The band’s latest release, and first truly fresh studio endeavor of the decade, is the 5-song EP entitled God’s Ghetto (2008). The EP is released on the East-African record label Lulu Nyeusi and represents the first known American ska-influenced music release on an African record label. Ruder Than You has always had an eclectic sound and this release is no exception. For this installment, the band chose tunes heavy on old school hip-hop and dancehall and emphasized lyrics penned by Weaver. While these songs differ a bit from the familiar feel of previous albums, they offer the same extraordinary energy and catchiness.
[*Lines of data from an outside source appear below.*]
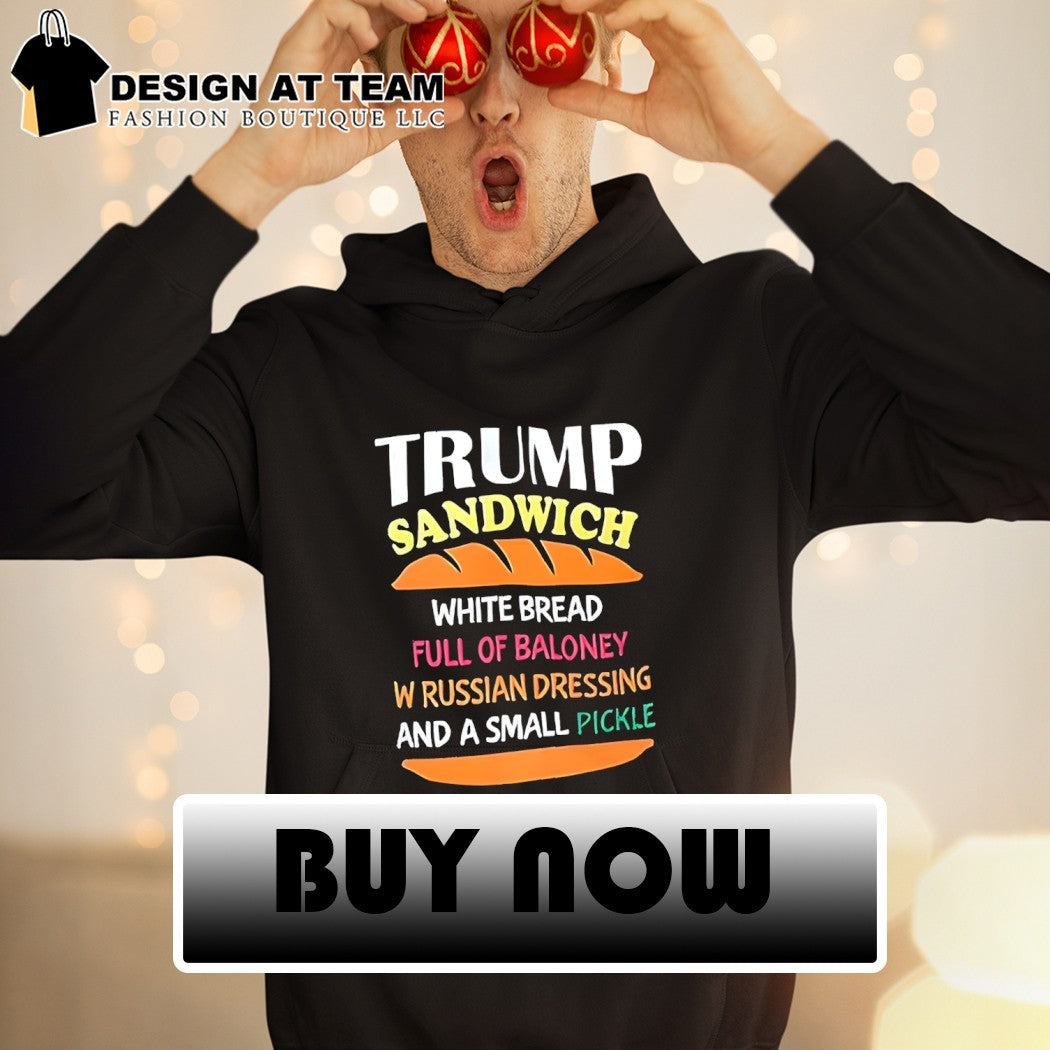 Trump sandwich white bread full of baloney russian dressing funny political shirt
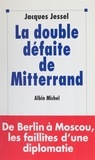  Jessel - La double défaite de Mitterrand - De Berlin à Moscou, les faillites d'une diplomatie.
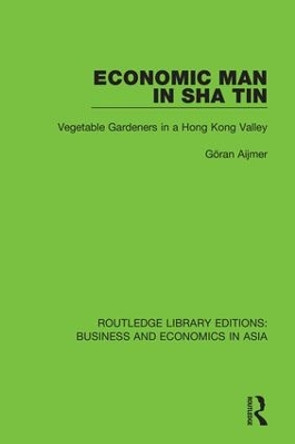 Economic Man in Sha Tin: Vegetable Gardeners in a Hong Kong Valley by Go ran Aijmer 9781138368002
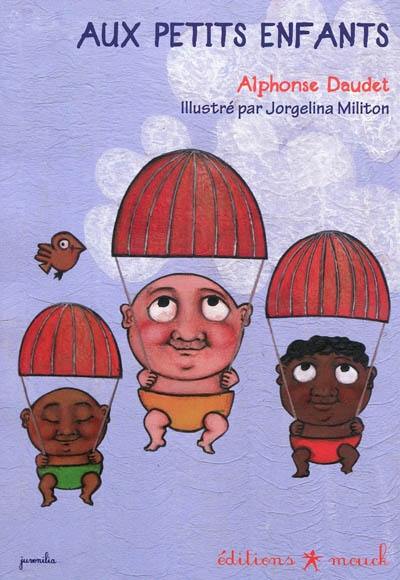 Aux petits enfants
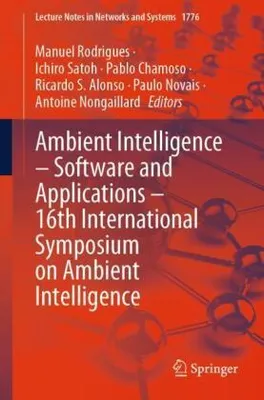 Immagine prodotto di Ambient Intelligence - Software and Applications - 16th International Symposium on Ambient Intelligence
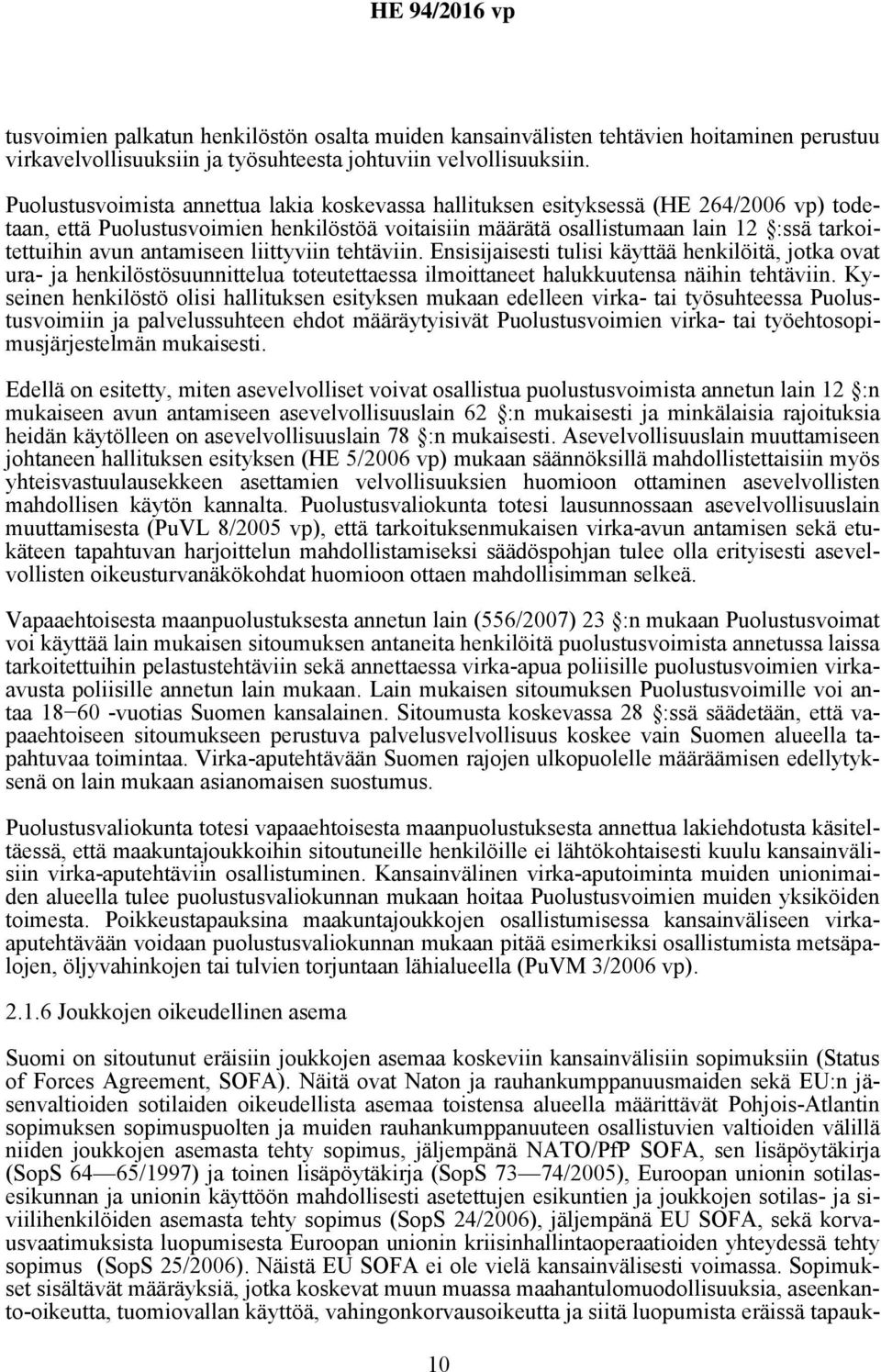 antamiseen liittyviin tehtäviin. Ensisijaisesti tulisi käyttää henkilöitä, jotka ovat ura- ja henkilöstösuunnittelua toteutettaessa ilmoittaneet halukkuutensa näihin tehtäviin.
The band’s current roster of veteran members includes the Round Mound of Dub Sound - singer Freddie Weaver. Band leader Doug Dubrosky still sings and plays tenor sax. He and Don Pancoe on bass hail from the earliest days of RTY. Rod Martino and Chris Klimchak fill out the lineup on guitar and trombone, respectively. Larry "Ace" Snell of The Toasters and Public Service sits on the drum throne.

== Discography ==
- Big Step - Moon Records - 1992
- Horny For Ska - Moon Records - 1996
- Philly Stylee - God’s Ghetto Records - 2005
- God's Ghetto EP - Lulu Nyeusi Records, Tanzania - 2008
- Creation Sounds - God's Ghetto Records - 2009

== Compilations ==
- The Shack - 1993 Dojo Limited/BIB Records, contains the song "Get Some Peace" .
- United Colors of SKA - 1993 Pork Pie Records, contains the song "I Want Justice".
- Ska The Third Wave - 1995 Continuum Records, contains the song "Swallow Blood".
- Ska The Third Wave Volume II - 1996 Shanachie Records, contains live versions of the songs "Misskaculation" and "Paranoid".
- Rude Vibes: The Ultimate Collection of New Skool Ska - 1996 Do The Dog Music, contains the song "Uncle Albert".
- SKAndalous: I’ve Gotcha Covered - 1996 Shanachie Records, contains Ruder Than You’s version of Black Sabbath’s "Paranoid".
- Oi-Skampilation Volume II - 1996 Radical Records, contains the song "I Want Justice".
- SKA: Cover it Up - 1997 Beloved Records, contains live versions of "Misskaculation" and "Paranoid".
- Deamons - 1997 Skully Enterprises, contains a live version of "Future Girl".
- SKAndalous: I’ve Gotcha Covered - Volume II - 1997 Shanachie Records, features Ruder Than You’s version of The Beatles’ "Tax Man".
- SKA: The Instrumentals - 1997 Beloved Records, contains the song "Swatara".
- Freedom Sounds: A Tribute to the Skatalites - 1997 Shanachie Records, contains Ruder Than You’s Version of "El Pussycat".
- Dancin’ Mood - 1997 Triple Crown Records, contains a live version of "Uncle Albert".